Hay quien opina, recurriendo a una arriesgada etimología, que la palabra snob proviene de sine nobilitate, que era la mención que se daba en las escuelas a los alumnos que no poseían un título de nobleza. Y existe realmente un tipo de burguesito —que en la jerga más despectiva del español se llama un «pijo»— que practica un esnobismo vulgar de catecismo, de conveniencia, de marca industrial. Pero yo creo que el verdadero esnob es otra cosa: un provocador desclasado, una especie de dandi que conquista la libertad a base de contradicciones y arbitrariedades. Alcibíades tenía claro que Sócrates era un esnob y, por eso, se sentía fascinado por el raro encanto de su personalidad. ¿Puede haber algo más esnob que ser un sabio y sentirse ignorante, frente a la vulgaridad de tantos ignorantes que se creen sabios?
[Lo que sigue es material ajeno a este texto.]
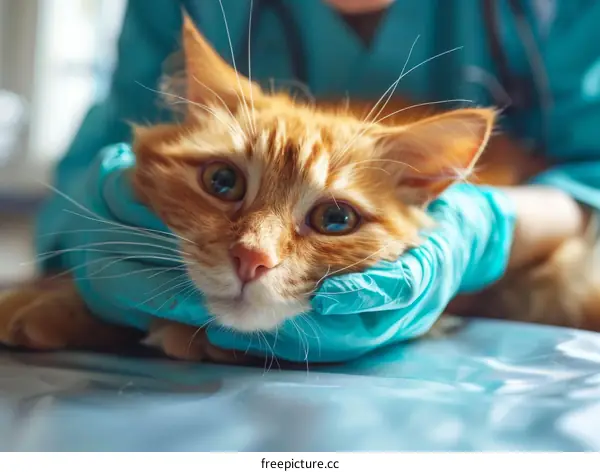 Veterinarian Preparing to Examine an Orange Cat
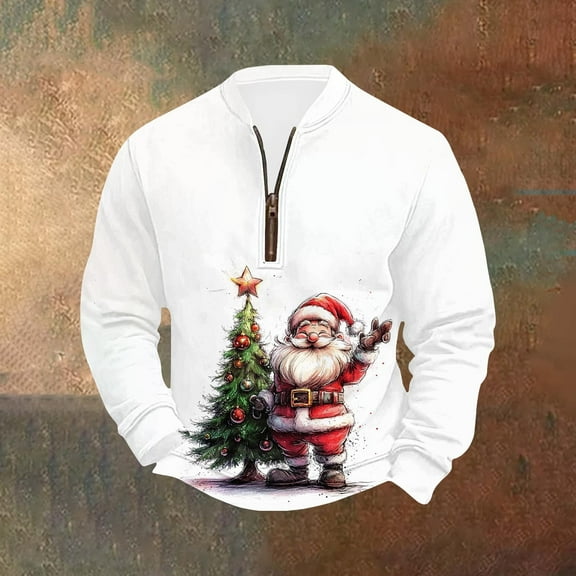 Yteetum Ugly Christmas Sweatshirts for Men Oversized Quarter Zip Stand Collar Pullover Hoodless Sweatshirts Mens Casual 1/4 Zipper Vintage Xmas Graphic Print Long Sleeve Sweatshirts Christmas Gift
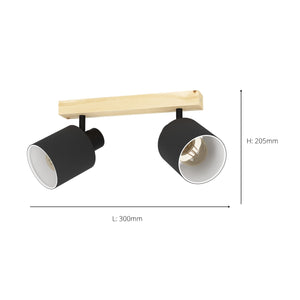 Eglo EU Batallas Steel & Wood Black Contemporary 2-Light Spotlight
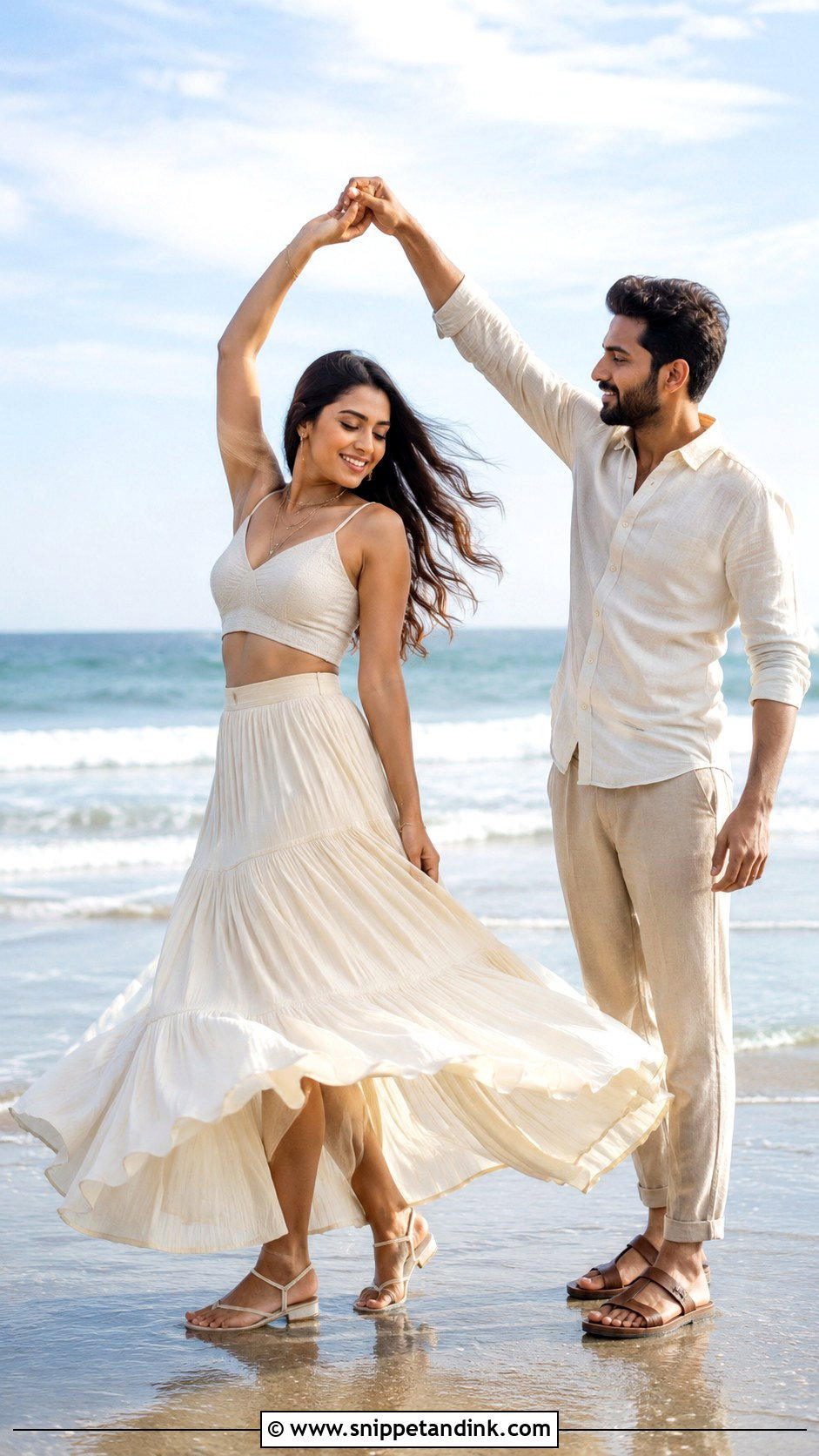 Crop Top And Maxi Skirt With Linen Shirt - Snippet and Ink - 20 Beach Pre Wedding Shoot Outfit Ideas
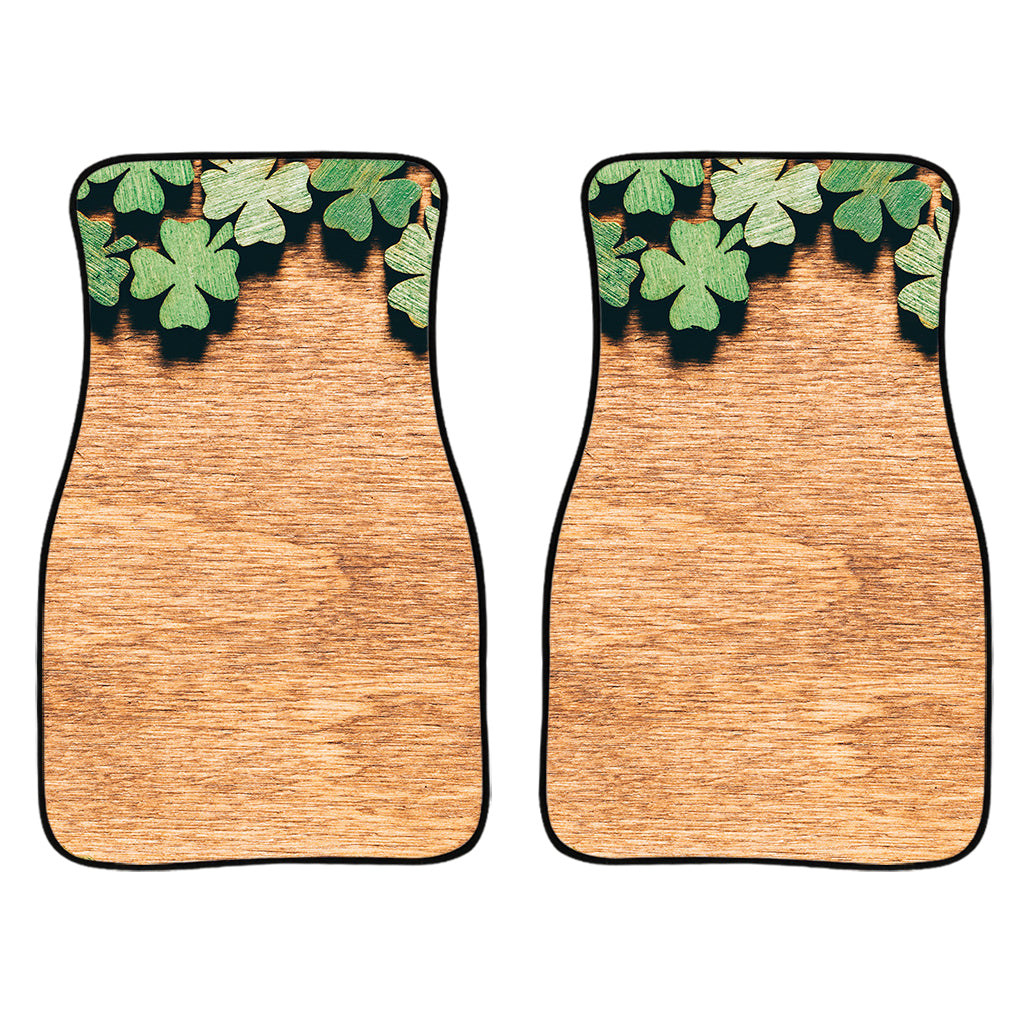 Irish Four Leaf Clovers Wood Print Front And Back Car Floor Mats/ Front Car Mat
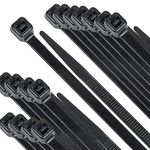 JelKen 250 Pack of Black Cable Ties, 300mm x 4.8mm, 12" Tie Wraps - Self Locking, Heavy Duty Nylon Zip Ties for Home Office Garage and Workshop -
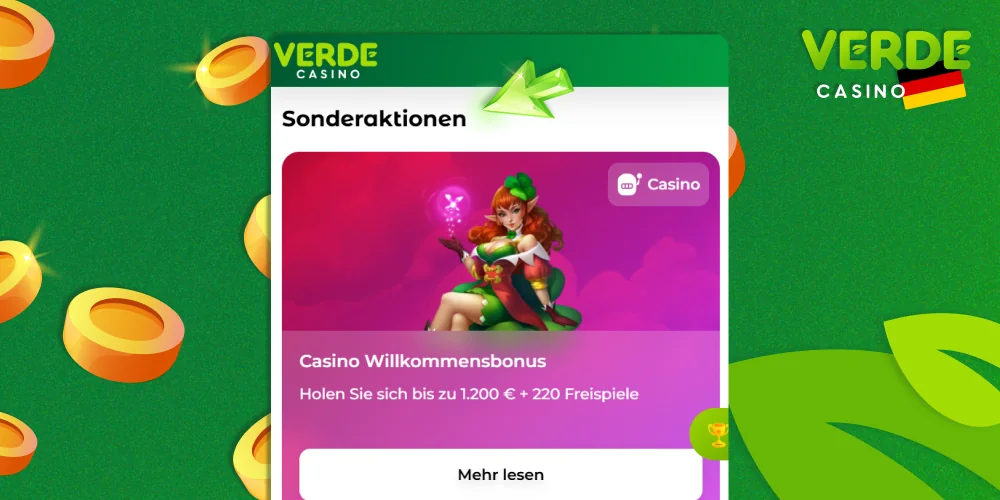Gehen Sie zum Abschnitt „Sonderboni“
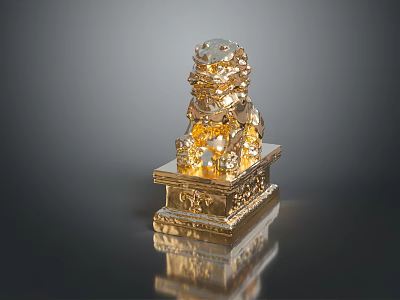 Golden Lion Statue with Intricate Carved Pedestal on Smooth Surface Showing Clear Reflection 3d model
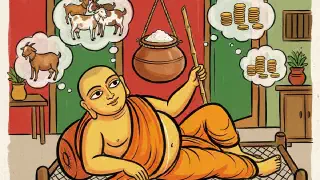 Illustration for The lazy monk — a tale from the Panchatantra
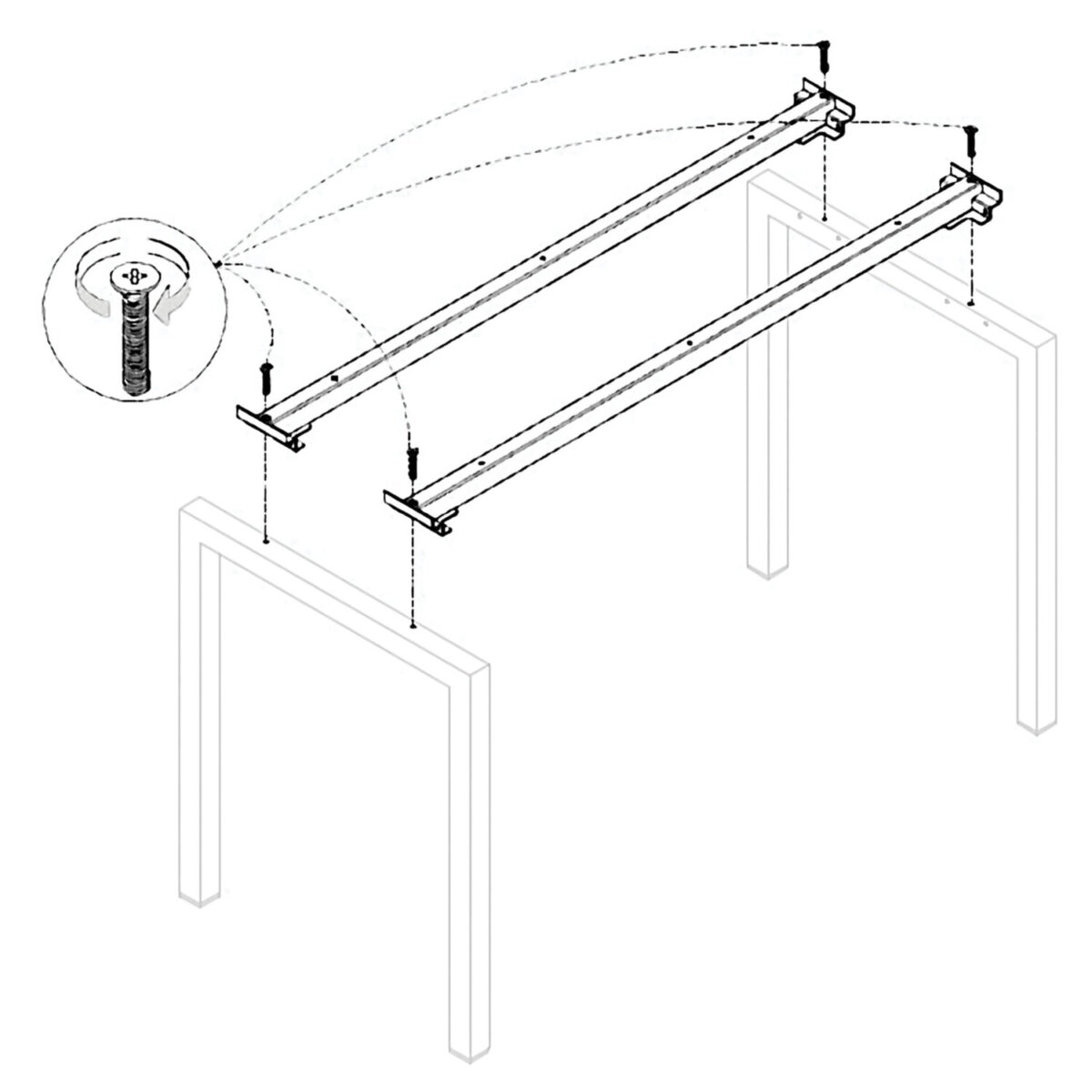 Траверса стола на металлокаркасе "Арго", КОМПЛЕКТ 2 шт., для ширины 1200 мм — изображение 1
Hay algo divino en el esnob, aunque a veces sea simple divismo. Arrojarse al Etna como Empédocles es una forma esnob del suicidio, porque hay métodos más sencillos aunque no sean tan estéticos. También Sócrates se comportaba como un divo cuando salía a pasear descalzo por las calles heladas de Atenas. Había estudiado en la escuela aristocrática de los héroes homéricos y no se defendió ante sus verdugos, porque los consideraba unos gañanes. Sólo Platón parece no haberse enterado de que Sócrates era un «seductor». Y quizá por eso tuvo miedo de asistir al espectáculo genial de la muerte de su maestro. Un hombre tiene que ser muy esnob para suicidarse con un perejil venenoso.
Cicerón —gran esnob— se hizo del partido de Pompeyo cuando vio a Julio César ponerse la capa torpemente, sin ningún estilo.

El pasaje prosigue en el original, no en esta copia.